Because being human means holding both—the expansion and the contraction, the clarity and the fog. And when we meet the ebb with compassion, we leave room for the flow to return.
Almost immediately after publishing my last piece, I slipped into a deep ebb.
I stopped reading books.
I stopped writing morning pages.
I stopped writing anything at all.
After nine steady months of flow—writing and sharing these little letters, feeling creative, focused, and inspired (and honestly quite impressed with myself for sticking with it so long and consistently!)—I hit a hard stop.
I couldn’t even open the Substack app.
Couldn’t look at a draft.
Couldn’t summon the energy to form a single worthwhile thought.
The brick wall of resistance shot up fast, and the creative lights blinked out just as quickly.
But I didn’t panic.
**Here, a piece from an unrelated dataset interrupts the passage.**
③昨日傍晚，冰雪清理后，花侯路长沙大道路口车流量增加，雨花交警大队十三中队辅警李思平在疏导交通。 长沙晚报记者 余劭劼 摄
I let myself drift. I trusted that if I went under for a while, I’d eventually come back up. That if I surrendered to the ebb, the flow would return.
And I was right! Here I am again!
But it wasn’t just the writing that disappeared—I did too.
Right into my screen.
A full-blown, no-holds-barred relapse into screen-time chaos.
At first, it felt harmless—just a little extra scrolling, a little numbing out. But before I knew it, I was completely untethered.
I’d gone from creative flow to full digital dissociation.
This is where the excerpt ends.